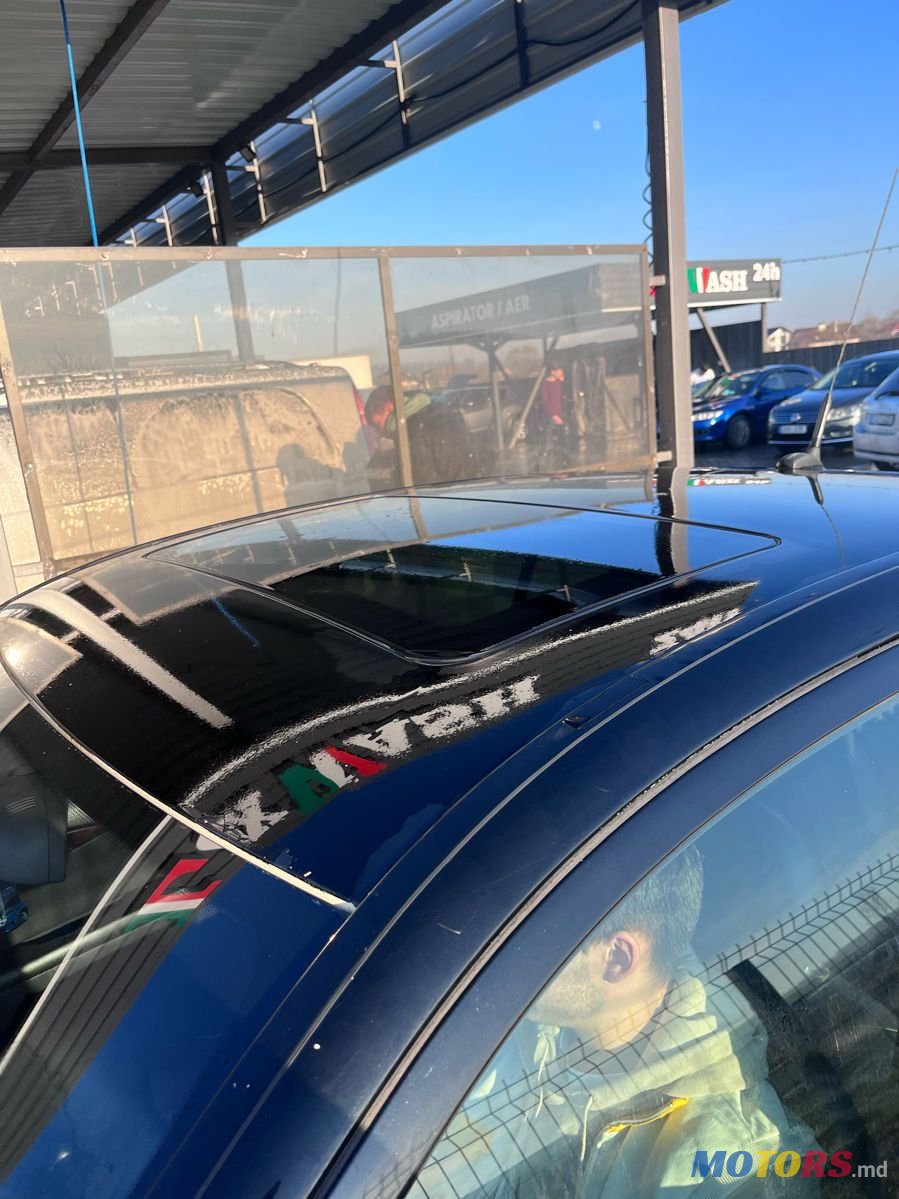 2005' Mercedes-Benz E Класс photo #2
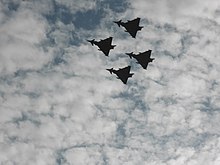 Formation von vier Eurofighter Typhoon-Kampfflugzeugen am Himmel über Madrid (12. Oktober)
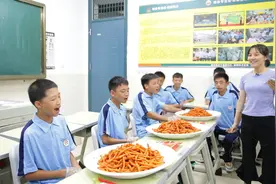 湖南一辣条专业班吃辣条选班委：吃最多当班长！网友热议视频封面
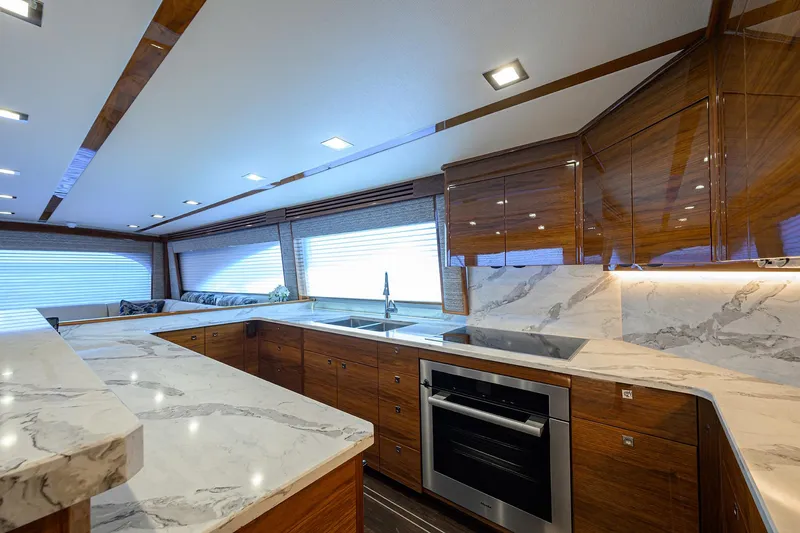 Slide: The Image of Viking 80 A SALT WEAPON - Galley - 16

══════════

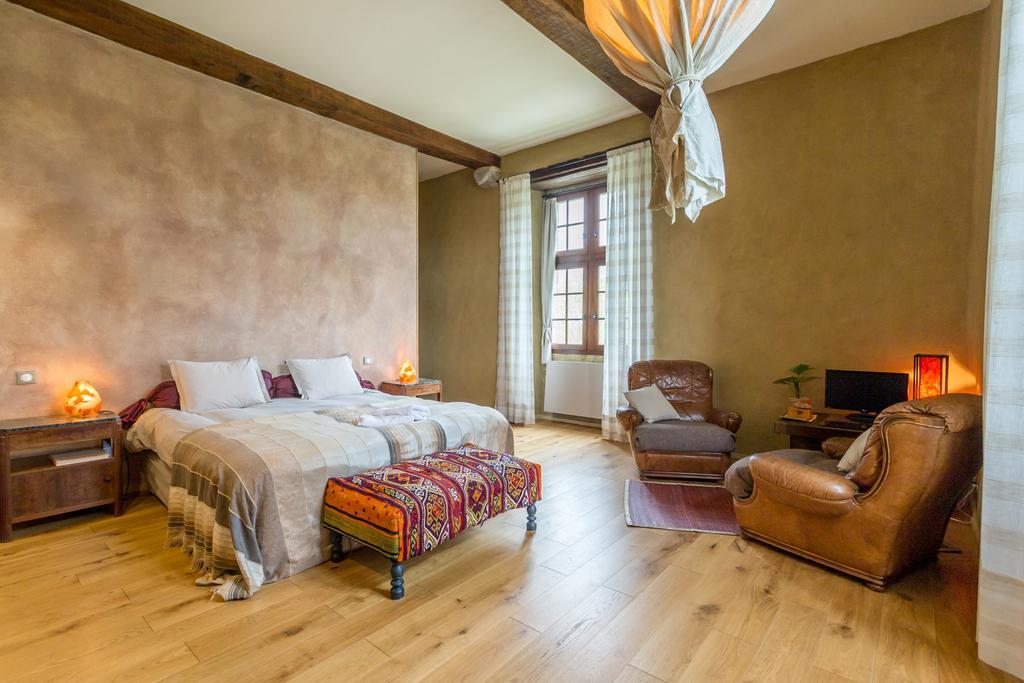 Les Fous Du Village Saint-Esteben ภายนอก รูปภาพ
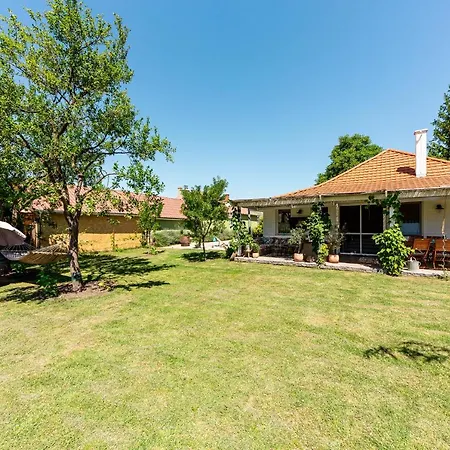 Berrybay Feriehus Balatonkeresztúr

══════════

» **WHAT TO DO**
The copy should hold only the lines from the one with "Formation von vier" through the one with "Slide: The Image", exactly as they stand above. Leave out the pictures.

» **ANSWER SPACE**
 Formation von vier Eurofighter Typhoon-Kampfflugzeugen am Himmel über Madrid (12. Oktober)
 湖南一辣条专业班吃辣条选班委：吃最多当班长！网友热议视频封面
 Slide: The Image of Viking 80 A SALT WEAPON - Galley - 16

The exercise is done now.